Michelle Oosterbahn’s drawing AH-HA – done in a style reminiscent of Matthew Ritchie or Julie Mehretu, who was recently featured in the Fabric Workshop’s Swarm – creates a complex, belabored environment, attempting to assert its own or the artist’s permanence through meaningful repetition. And the piece scintillates in a subdued, colored-pencil manner; asking if, indeed, some permanence can be created, is it not through committed persistence?
This repetitive action towards permanence is set into effective relief by Gabriel Martinez’s Blackbird Confetti. Martinez has piled, thousand fold, tiny cutouts of blackbirds on the gallery floor. It’s as if, suddenly failing in their migration, the birds have fallen, en masse, to a mysterious demise. These paper birds could quickly be reduced to a devastated mush – in fact, a point is made of the paper being biodegradable – and yet in their insistent repetition, self-assertiveness has been established, which contributes, if not to longer life, to a certain valor in whatever end this avian group has met.
Several of the pieces in the exhibit read like diaries; undeniably intimate – both through subject and execution – yet absolutely mysterious. There is a perceptual wall that can be seen through only, as a glass, darkly. The individual artist chooses how universal to make their revelations and pronouncements – and it seems that paper fosters mystery, encouraged by its intimacy. That is, because of the subjective nature of the works, their extreme universality – for example, we all had a childhood – bursts through into a profound mysterious state. Which is, of course, necessary to attract us: reading your own diary isn’t nearly as enthralling as reading someone else’s.
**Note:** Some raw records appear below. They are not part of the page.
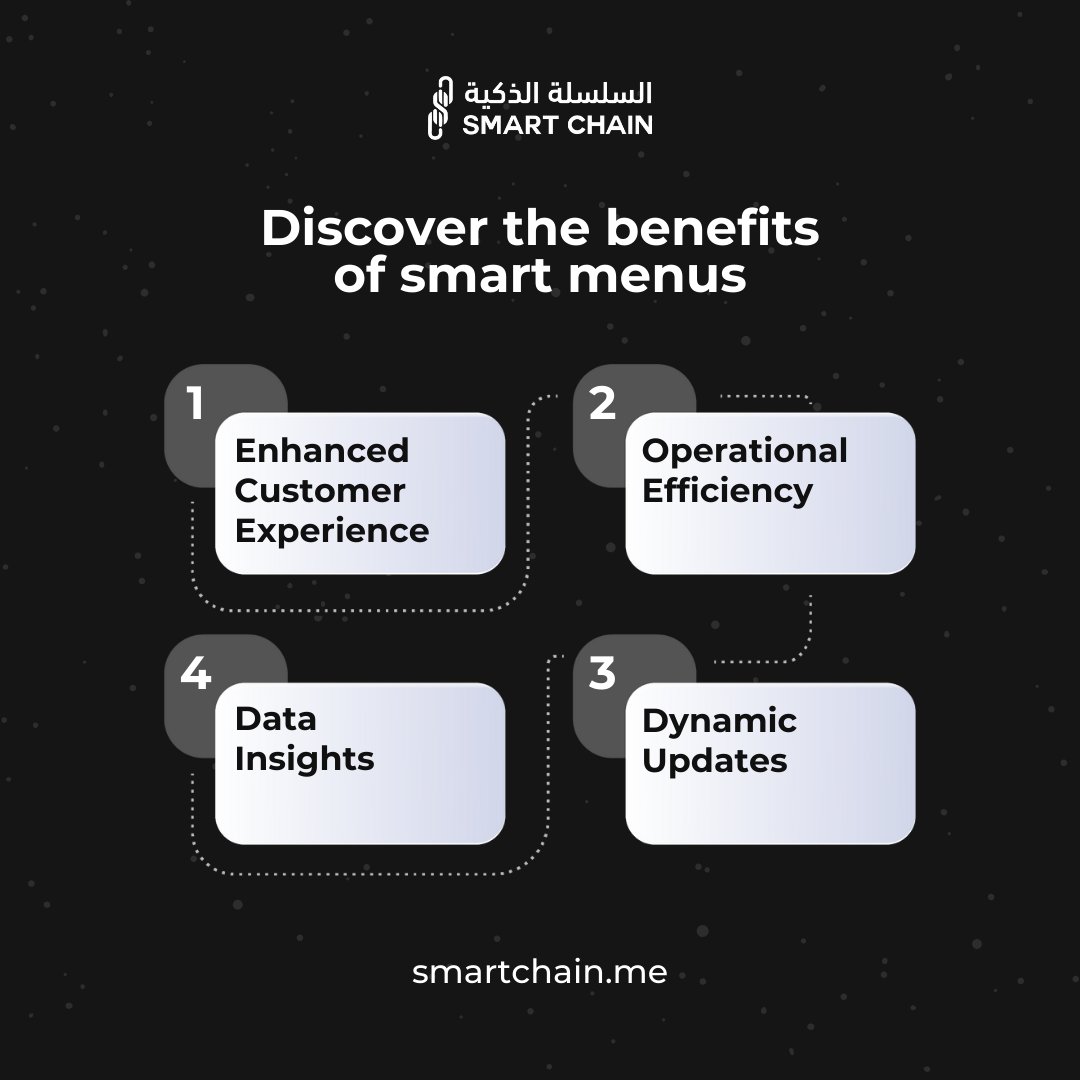 SmartChain_tech's tweet image. Unlock the power of smart menus!
Discover how Smart Chain can enhance your customer
experience, boost operational efficiency, provide
valuable data insights, and enable dynamic updates.
#SmartChain #SmartMenus #CustomerExperience
#OperationalEfficiency #DataInsights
Human beings are so often two different creatures: consider first versus second impressions. This idea is also expressed by traumatized family members or neighbors stating on TV “…he was such a nice, quiet man…” This immediacy or simplicity, contrasted with underlying complexity, is evidenced in both Nils Orth’s montaged photographs – in a physical manner – of three teenaged faces, and in a more metaphysical way in Jessica Doyle’s untitled mixed media drawing of a weird park or reunion scene. Both works are immediately recognizable and seem scrutable – until a lingering look tells us something’s awry. There’s a certain neo-surreality to both of these works. Nils Orth, through digital manipulation of various faces into one, has created portraits both Everyman and weirdly alien; they are strange in their non-specificity. A simple portrait has become a complex digitally altered question of reality and veracity. Jessica Doyle’s drawing also seems fairly familiar; the subject and the medium and even setting seem workaday. But upon considering the encroaching sunset, the concerned and self-absorbed stares on the figures’ faces, the drawing turns towards a macabre ennui. This is not a reunion; this is a group of individuals who may themselves be asking, what am I doing here? Why am I with these other people? There is a definite sense of existential doubt…as if drawn from a highly subjective memory of an old picnic snapshot – but the memory has stuck in the artist’s craw, and inky dread has seeped to the surface.
Perhaps one reason we keep turning back to paper, is because like an unavoidable mirror, we continue to see ourselves – our condition – in this equally natural and manmade material; and we must respond.